Modi, who had first flagged the reform during his Independence Day address last month, said he aimed to make daily-use items cheaper for people in the world’s fifth-largest economy. Reuters noted that consumer goods such as toothpaste, talcum powder and shampoo could see GST rates fall from 18% to 5%, benefiting companies like Hindustan Unilever and Godrej Industries.

Air conditioners and television sets may also witness a reduction in GST from 28% to 18%, ahead of the crucial Diwali shopping season, when brands such as Samsung, LG Electronics and Sony typically see peak sales, the report said.

India’s GST Council, chaired by Finance Minister Nirmala Sitharaman and including state representatives, is scheduled to finalise the list of items for tax cuts during its September 3-4 meeting. The finance ministry did not immediately respond to Reuters’ request for comment.

The proposed cuts are also aimed at offsetting an anticipated decline in exports to the U.S. by spurring domestic consumption, raising farm incomes and strengthening self-reliance among Indian manufacturers, Reuters added. Tax relief is expected for export-linked items such as fertilisers, farm machinery and tractors, with GST potentially dropping to 5% from the current 12–18%. The textile sector, hit by U.S. tariffs, is also set to benefit.

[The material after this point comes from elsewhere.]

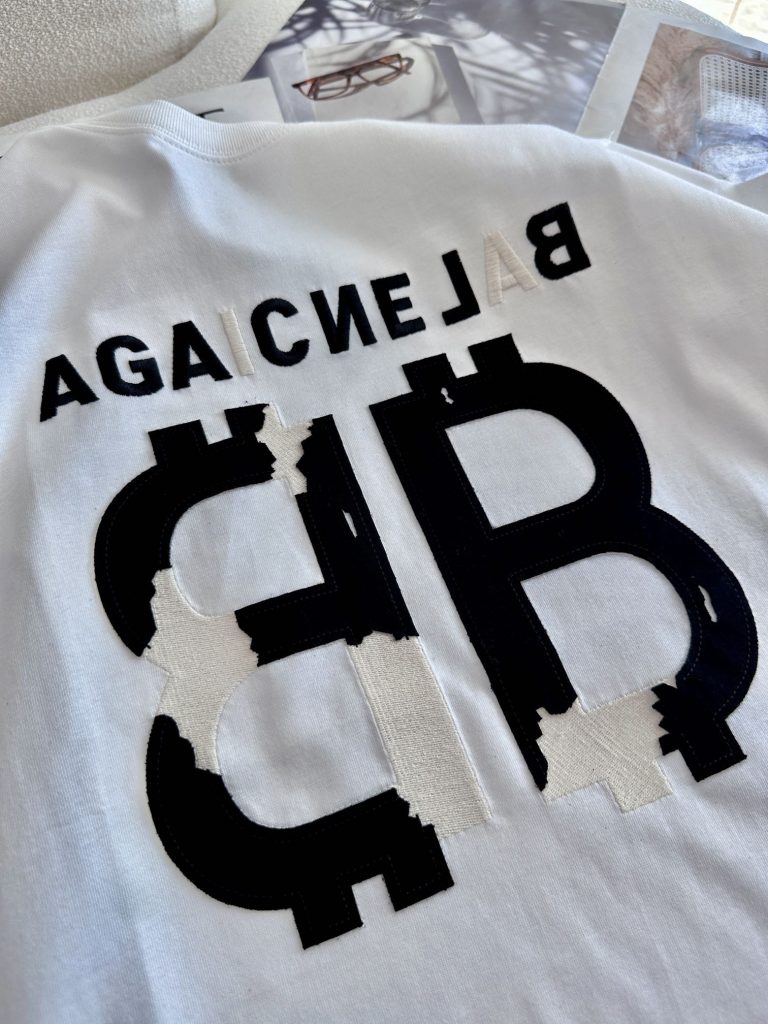 BALENCIAGA(バレンシアガ)夏服 n級品 半袖tシャツ メンズ 涼しい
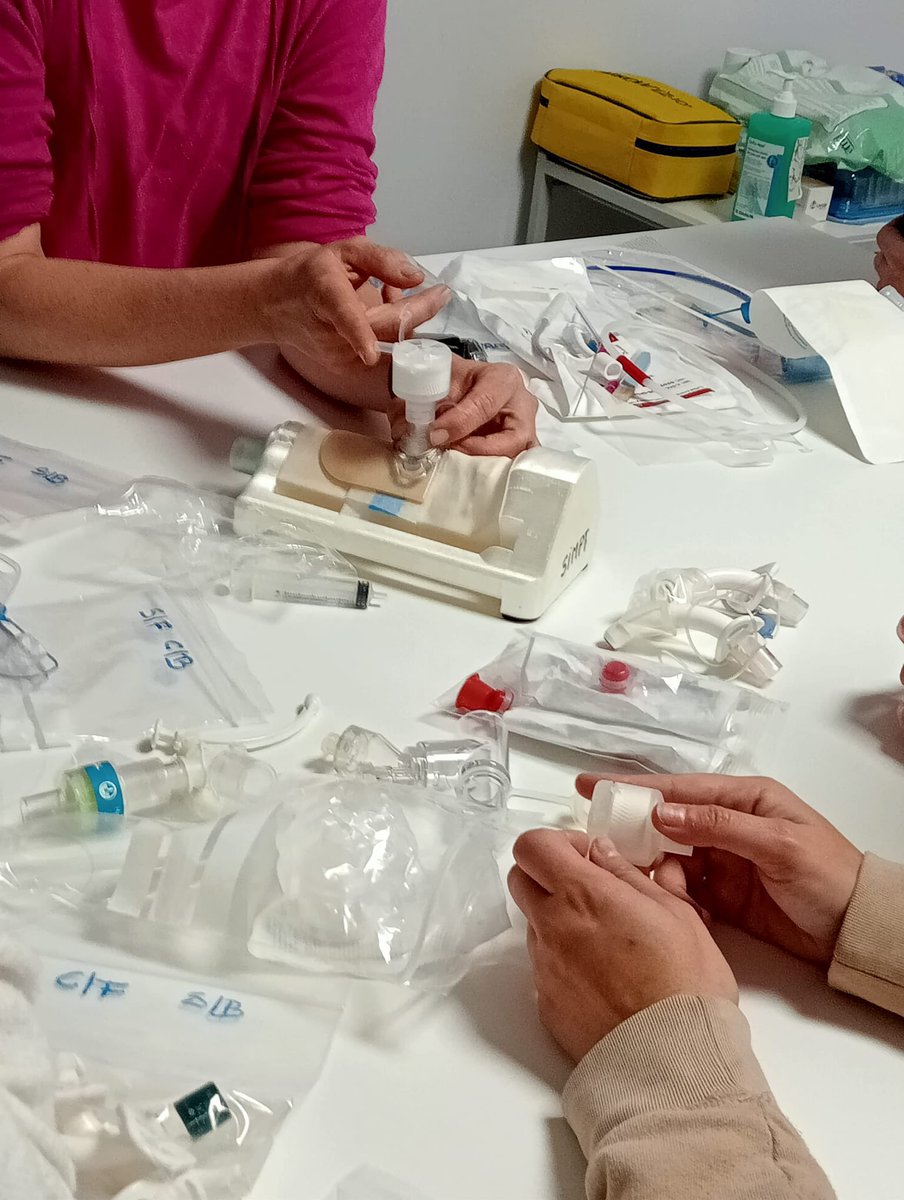 CriticsTauli's tweet photo. Aquesta setmana en el #màstercríticstauli s’ha realitzat el taller sobre cures i maneig de traqueostomia i marcapassos en pacient crític #ICU #nurselearning @parctauli @I3pTt @simulaciotauli https://t.co/7XBc41LMU3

In the automobile sector, Reuters reported that the government has proposed cutting GST on small petrol hybrid cars to 18% from 28%, a move likely to benefit Toyota and Suzuki. While Japanese carmakers have long lobbied for such a cut, Indian EV makers Tata Motors and Mahindra & Mahindra have raised concerns that cheaper hybrids could slow the country’s transition to electric mobility.

The government also plans to lower GST on commuter motorcycles and scooters under 350cc, which account for about 95% of the nearly 20 million two-wheelers sold annually by companies such as Bajaj Auto, Hero MotoCorp and TVS Motor. Small car sales, dominated by Maruti Suzuki along with Hyundai and Tata Motors, are also expected to rise.

Meanwhile, bigger cars—over 4 meters long with higher engine capacity—will see GST rise from 28% to 40%, though Reuters said the government may reduce additional levies to keep the overall tax burden steady at about 50%.

On the revenue side, the government is also considering raising GST rates on coal and on services such as betting, casinos and horse racing, while maintaining existing levies on carbonated drinks produced by PepsiCo, Coca-Cola and Reliance Industries, despite industry calls for tax relief.